Na sua segunda longa-metragem, «O Monge e a Espingarda», 2023, e como havia feito na sua obra de estreia, «Lunana: Um Iaque na Sala de Aula», 2019 (que foi candidato ao Óscar de Melhor Filme de Produção Estrangeira), o realizador Pawo Choyning Dorji não abrandou a crítica sarcástica e directa aos projectos de modernização do Butão (nação asiática situada na vertente sul dos Himalaias) cujo poder foi longos anos ocupado por uma monarquia absoluta. Recentemente, o país sofreu uma ocidentalização de valores bastante duvidosos, sobretudo visível nos grandes centros urbanos. Na verdade, ao contrário da ideia que prevalece em muitos que o consideram uma espécie de paraíso perdido, o Butão viveu graves convulsões no início dos anos noventa que obrigaram o monarca Jigme Singy Wangchuk a mobilizar o exército e a declarar o recolher obrigatório. Em grande medida devido à agitação política e social que persistiu e colocou em causa o regime, foram realizadas reformas propulsoras de uma nova ordem que veio acabar com o relativo isolamento internacional, período durante o qual foram introduzidas “modernices” como a internet e a emissão de canais de TV. Mais para a frente, a 9 de Dezembro de 2006, o Rei abdicou a favor de uma monarquia constitucional, abrindo as portas a eleições livres e democráticas, facto que levantou sérias dúvidas a muitos habitantes, sobretudo nas zonas rurais, que não percebiam a verdadeira necessidade da mobilização eleitoral num espaço geográfico dominado pelos conceitos de equilíbrio e dualidade da religião dominante, o Budismo. Numa daquelas filosofias de pacotilha, o Rei chegou a considerar a TV como uma força de unidade e esclarecimento, assim como um forte contributo para os índices de “Felicidade Interna Bruta” do Butão. Mas avisava igualmente para os perigos da sua má utilização. De facto, as populações da pequena aldeia onde decorre a acção de «O Monge e a Espingarda», pelo que vemos, não partilham no pequeno ecrã um espaço cultural próprio, mas sim uma série de produtos impostos pela massificação imperialista do gosto, doses rotineiras de MTV e aventuras do inefável James Bond (versão “Quantum of Solace”). Será pois nesta atmosfera de luta entre o velho e o novo destinada a preparar um inédito e sui-generis dever cívico, o acto eleitoral (encarado como uma dádiva do Rei), que se confrontam os grandes conflitos dramáticos do filme.

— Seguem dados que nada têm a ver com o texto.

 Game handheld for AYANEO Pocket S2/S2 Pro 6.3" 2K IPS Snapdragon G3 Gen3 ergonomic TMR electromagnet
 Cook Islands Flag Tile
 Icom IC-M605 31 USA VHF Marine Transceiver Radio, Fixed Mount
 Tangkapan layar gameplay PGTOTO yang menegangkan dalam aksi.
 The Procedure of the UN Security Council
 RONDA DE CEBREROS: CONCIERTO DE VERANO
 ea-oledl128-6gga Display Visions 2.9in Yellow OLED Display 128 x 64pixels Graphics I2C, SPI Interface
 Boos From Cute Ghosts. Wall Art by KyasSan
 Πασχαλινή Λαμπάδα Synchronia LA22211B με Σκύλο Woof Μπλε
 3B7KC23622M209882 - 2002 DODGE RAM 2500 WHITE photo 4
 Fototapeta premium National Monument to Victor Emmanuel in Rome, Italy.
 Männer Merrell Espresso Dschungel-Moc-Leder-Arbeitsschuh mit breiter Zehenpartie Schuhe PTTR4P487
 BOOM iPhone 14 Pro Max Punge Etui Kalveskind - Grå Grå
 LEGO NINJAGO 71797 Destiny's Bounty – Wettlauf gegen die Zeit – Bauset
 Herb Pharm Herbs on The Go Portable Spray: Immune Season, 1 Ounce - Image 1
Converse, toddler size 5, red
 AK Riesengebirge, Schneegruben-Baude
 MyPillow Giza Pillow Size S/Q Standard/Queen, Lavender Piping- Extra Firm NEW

De início, um velho e respeitado lama (Kelsang Choejey) pede ao seu assistente, o jovem monge Tashi (Tandin Wangchuk), que encontre duas armas para um ritual que deverá decorrer durante a lua cheia. Está assim marcado o ritmo a que a narrativa vai obedecer. Por outro lado, um rapaz butanês, que vive de expedientes e possui conhecimentos no submundo da cidade corrompida e corruptora, serve de guia e intérprete a um coleccionador de armas americano cujo comportamento algo mafioso não ajuda a credibilizar a eventual bondade da sua missão: comprar uma antiga espingarda da guerra civil americana que, sabe-se lá como, foi parar ao Butão onde, segundo o proprietário, serviu para matar Tibetanos (os argumentistas do filme não esquecem os meandros da controversa e conturbada História do Butão). Finalmente, iremos assistir ao esforço de uma certa elite local e nacional para levar por diante a simulação das eleições, ensaio geral forçado a que um grupo de pessoas será submetido com natural estranheza, porque viver em paz e sossego já eles viviam sem precisarem de votar fosse em quem fosse. Neste contexto, uma das sequências mais acutilantes dá-nos a ver a divisão artificial provocada de fora para dentro entre quem finge gostar mais do candidato da cor vermelha e quem solta vivas ao candidato da cor azul. Há quem veja aqui uma referência aos arrufos entre Republicanos e Democratas nos EUA. Todavia, para mal dos pecados dos burocratas butaneses, saberemos que a esmagadora maioria irá preferir o candidato da cor amarela, ou seja, a cor do Rei. Não pensem que estou a revelar algo que não pudesse ser revelado. Na verdade, o que mais importa não são os resultados enunciados, mas sim as relações entre os funcionários e o povo, os pequenos diálogos que a propósito dos resultados dão ao filme a sua faceta mais acutilante e faz dele uma comédia polvilhada de uma intensa, divertida e muito eficaz mordacidade.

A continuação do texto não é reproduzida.